The Yanks will end this series either 3.5, 5.5, 7.5, or 9.5 games up on the Sox, so no matter the outcome they’ll still have the upper hand. This one is important for the Sox not only for the division, but for their Wild Card hopes. They’re just a game up on the Rangers and four up on the Rays. The good news for the Sox is that those two teams square off this weekend. If Tampa takes two of three, the Sox could be in decent shape even if they lose two of three themselves.

On the hill for the Sox is Brad Penny. Since the All-Star Break he’s pitched 34 innings, allowing 26 runs, 25 earned. Opponents are OPSing .891 off him. The Yanks will look to take advantage of that in a way they could not when facing Penny earlier in the season. He lasted six innings that time, throwing 117 pitches, but allowing no runs. That was just before the little funk where the Yanks dropped two of three to the Nats, so hopefully we can chalk that one up to a little team slump. They’re better than that.

The Yanks send Andy Pettitte to the hill on six days’ rest, and from what he’s said that’s a good thing. Pettitte has been lights out since the break, tossing 39.2 innings and allowing just 10 runs, nine earned. Even better, his K/BB ratio has been an enormous 43:10, and opponents are OPSing .543 off him. He’s faced the Sox twice this year, struggling the first time, but pitching seven shutout innings on Sunday Night Baseball last time out. Opening up this series with a quality start would be huge.

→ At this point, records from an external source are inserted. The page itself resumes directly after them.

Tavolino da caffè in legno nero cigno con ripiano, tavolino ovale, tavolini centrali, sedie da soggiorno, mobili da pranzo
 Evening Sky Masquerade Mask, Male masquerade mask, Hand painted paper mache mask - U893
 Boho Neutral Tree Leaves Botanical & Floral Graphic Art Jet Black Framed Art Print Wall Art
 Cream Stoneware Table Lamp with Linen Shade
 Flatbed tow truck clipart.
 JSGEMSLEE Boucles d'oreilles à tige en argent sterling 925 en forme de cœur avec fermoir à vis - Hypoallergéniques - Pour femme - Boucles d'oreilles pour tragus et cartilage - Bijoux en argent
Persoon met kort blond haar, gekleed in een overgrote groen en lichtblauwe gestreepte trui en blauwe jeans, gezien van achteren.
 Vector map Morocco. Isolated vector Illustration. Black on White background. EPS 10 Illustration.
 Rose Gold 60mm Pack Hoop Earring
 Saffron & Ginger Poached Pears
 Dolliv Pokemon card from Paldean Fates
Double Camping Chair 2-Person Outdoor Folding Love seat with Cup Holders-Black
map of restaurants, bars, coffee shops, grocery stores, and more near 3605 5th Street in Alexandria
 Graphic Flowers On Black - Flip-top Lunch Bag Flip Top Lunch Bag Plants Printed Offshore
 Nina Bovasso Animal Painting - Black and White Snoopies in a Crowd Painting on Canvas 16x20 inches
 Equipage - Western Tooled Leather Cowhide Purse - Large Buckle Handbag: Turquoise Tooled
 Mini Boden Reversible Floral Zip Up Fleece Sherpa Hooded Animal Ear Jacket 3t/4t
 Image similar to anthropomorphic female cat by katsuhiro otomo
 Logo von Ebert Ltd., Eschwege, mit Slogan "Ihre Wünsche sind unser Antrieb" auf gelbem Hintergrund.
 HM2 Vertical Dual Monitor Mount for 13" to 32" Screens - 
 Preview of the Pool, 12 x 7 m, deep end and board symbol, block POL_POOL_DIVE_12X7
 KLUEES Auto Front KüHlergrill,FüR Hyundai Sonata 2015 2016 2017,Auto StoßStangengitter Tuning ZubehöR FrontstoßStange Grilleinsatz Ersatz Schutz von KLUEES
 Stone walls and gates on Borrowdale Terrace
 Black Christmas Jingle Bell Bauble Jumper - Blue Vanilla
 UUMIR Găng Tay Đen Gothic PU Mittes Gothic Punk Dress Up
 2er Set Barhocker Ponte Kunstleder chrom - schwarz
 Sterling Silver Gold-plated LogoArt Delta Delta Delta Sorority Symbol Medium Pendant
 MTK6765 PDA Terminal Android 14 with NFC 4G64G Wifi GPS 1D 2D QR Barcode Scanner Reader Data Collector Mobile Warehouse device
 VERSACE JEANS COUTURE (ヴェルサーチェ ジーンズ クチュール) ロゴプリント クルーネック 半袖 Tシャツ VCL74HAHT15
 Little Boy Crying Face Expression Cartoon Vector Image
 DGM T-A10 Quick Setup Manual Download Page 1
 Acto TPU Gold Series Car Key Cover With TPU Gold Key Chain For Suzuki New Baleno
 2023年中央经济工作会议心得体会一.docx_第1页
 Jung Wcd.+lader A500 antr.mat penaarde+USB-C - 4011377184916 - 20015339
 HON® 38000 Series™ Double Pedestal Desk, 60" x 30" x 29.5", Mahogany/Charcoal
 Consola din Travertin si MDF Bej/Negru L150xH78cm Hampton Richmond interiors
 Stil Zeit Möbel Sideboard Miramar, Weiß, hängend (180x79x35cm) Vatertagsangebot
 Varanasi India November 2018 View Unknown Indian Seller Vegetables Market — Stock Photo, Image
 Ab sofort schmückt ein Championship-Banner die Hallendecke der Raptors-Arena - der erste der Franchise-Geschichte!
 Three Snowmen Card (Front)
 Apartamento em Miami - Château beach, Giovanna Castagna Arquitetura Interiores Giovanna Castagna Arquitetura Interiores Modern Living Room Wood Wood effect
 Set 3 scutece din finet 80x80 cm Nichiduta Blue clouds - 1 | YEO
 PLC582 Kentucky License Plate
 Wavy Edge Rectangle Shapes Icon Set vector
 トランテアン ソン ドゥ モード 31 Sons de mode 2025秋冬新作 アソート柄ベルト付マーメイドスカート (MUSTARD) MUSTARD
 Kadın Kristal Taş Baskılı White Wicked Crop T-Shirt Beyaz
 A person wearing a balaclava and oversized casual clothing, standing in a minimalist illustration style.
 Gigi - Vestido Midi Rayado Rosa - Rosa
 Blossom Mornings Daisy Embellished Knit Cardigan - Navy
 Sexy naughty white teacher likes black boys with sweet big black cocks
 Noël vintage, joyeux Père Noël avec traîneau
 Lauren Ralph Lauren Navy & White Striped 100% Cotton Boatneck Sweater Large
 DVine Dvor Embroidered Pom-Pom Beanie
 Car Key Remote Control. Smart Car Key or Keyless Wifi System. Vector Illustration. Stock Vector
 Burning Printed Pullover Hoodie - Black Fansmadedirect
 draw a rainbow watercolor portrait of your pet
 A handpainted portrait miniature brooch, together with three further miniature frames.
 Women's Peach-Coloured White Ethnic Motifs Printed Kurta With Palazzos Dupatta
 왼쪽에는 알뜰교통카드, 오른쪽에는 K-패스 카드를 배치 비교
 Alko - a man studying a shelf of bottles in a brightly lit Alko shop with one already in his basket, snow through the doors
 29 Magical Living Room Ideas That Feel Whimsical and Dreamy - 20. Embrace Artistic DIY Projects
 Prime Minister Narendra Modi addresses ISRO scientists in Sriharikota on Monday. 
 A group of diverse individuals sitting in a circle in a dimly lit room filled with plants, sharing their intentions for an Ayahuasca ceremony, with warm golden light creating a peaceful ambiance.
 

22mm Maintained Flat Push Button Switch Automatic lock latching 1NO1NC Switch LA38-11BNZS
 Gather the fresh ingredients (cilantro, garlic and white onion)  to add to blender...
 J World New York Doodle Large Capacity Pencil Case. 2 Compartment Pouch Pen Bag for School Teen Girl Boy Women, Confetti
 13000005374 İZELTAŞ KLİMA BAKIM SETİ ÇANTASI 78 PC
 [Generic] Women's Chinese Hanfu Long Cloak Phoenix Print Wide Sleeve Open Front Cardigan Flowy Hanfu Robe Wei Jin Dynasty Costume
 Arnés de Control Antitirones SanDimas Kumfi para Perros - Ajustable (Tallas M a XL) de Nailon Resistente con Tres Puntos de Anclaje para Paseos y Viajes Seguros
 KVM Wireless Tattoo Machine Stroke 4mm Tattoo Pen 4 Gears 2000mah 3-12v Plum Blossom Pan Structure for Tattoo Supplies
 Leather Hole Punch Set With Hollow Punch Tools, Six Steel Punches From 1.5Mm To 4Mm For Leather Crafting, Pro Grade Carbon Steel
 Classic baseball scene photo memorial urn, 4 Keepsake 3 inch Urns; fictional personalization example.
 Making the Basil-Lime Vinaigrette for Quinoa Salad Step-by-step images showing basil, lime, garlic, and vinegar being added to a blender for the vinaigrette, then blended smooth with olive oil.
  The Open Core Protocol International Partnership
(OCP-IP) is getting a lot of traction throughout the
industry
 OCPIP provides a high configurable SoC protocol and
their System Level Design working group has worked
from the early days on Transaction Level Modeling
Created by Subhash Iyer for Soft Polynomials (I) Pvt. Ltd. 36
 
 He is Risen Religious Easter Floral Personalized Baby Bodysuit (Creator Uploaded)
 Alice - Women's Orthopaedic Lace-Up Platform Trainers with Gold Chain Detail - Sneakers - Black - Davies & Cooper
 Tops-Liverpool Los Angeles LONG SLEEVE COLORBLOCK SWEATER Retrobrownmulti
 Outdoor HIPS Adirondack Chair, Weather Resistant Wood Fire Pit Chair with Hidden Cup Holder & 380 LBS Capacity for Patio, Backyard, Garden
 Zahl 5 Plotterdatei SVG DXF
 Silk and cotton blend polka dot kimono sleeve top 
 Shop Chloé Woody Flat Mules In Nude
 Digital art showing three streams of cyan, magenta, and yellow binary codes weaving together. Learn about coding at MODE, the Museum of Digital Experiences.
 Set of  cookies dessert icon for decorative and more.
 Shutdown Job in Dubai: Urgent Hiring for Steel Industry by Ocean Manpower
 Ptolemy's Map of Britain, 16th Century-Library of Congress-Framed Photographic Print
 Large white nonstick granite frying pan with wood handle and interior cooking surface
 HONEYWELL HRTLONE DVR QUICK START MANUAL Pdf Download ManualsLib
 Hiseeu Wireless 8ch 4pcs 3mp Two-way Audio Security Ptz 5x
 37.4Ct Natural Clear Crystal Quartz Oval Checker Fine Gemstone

Yes, Damaso Marte is back with the team, and as expected the Yanks optioned Ramiro Pena. They have their A-lineup in today, so there’s not much need to pinch hit. If they need a pinch runner, Jerry Hairston will suffice. That’s going to be the way for a bit, with just 12 position players. With off-days surrounding this series, and with tomorrow’s game at 4, we might see the A-lineup for all three.

Lineup:

1. Derek Jeter, SS
2. Johnny Damon, LF
3. Mark Teixeira, 1B
4. Alex Rodriguez, 3B
5. Hideki Matsui, DH
6. Jorge Posada, C
7. Robinson Cano, C
8. Nick Swisher, RF
9. Melky Cabrera, CF

And on the mound, number forty-six, Andy Pettitte.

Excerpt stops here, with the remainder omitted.